*About this exercise*: To complete the exercise, repeat every record exactly as it stands.

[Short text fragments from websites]
....................

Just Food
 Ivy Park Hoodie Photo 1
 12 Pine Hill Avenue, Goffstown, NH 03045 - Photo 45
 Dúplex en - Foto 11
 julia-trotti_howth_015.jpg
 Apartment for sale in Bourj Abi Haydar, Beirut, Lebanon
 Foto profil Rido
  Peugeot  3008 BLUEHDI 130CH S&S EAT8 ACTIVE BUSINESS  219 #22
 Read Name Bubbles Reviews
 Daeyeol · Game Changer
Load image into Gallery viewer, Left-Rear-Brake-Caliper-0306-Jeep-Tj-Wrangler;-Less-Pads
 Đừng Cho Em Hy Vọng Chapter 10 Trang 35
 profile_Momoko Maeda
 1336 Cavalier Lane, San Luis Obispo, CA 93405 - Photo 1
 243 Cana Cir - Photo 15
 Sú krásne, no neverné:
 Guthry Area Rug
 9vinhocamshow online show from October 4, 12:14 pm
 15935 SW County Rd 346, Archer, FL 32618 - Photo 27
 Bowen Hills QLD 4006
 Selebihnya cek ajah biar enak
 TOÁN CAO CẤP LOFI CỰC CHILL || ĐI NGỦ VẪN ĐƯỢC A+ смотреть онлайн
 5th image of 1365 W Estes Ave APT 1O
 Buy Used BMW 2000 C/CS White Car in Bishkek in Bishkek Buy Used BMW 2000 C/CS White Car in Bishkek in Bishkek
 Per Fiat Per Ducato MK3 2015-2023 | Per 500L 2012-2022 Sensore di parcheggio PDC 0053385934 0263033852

....................

*Answer to this problem*:
Just Food
 Ivy Park Hoodie Photo 1
 12 Pine Hill Avenue, Goffstown, NH 03045 - Photo 45
 Dúplex en - Foto 11
 julia-trotti_howth_015.jpg
 Apartment for sale in Bourj Abi Haydar, Beirut, Lebanon
 Foto profil Rido
  Peugeot  3008 BLUEHDI 130CH S&S EAT8 ACTIVE BUSINESS  219 #22
 Read Name Bubbles Reviews
 Daeyeol · Game Changer
Load image into Gallery viewer, Left-Rear-Brake-Caliper-0306-Jeep-Tj-Wrangler;-Less-Pads
 Đừng Cho Em Hy Vọng Chapter 10 Trang 35
 profile_Momoko Maeda
 1336 Cavalier Lane, San Luis Obispo, CA 93405 - Photo 1
 243 Cana Cir - Photo 15
 Sú krásne, no neverné:
 Guthry Area Rug
 9vinhocamshow online show from October 4, 12:14 pm
 15935 SW County Rd 346, Archer, FL 32618 - Photo 27
 Bowen Hills QLD 4006
 Selebihnya cek ajah biar enak
 TOÁN CAO CẤP LOFI CỰC CHILL || ĐI NGỦ VẪN ĐƯỢC A+ смотреть онлайн
 5th image of 1365 W Estes Ave APT 1O
 Buy Used BMW 2000 C/CS White Car in Bishkek in Bishkek Buy Used BMW 2000 C/CS White Car in Bishkek in Bishkek
 Per Fiat Per Ducato MK3 2015-2023 | Per 500L 2012-2022 Sensore di parcheggio PDC 0053385934 0263033852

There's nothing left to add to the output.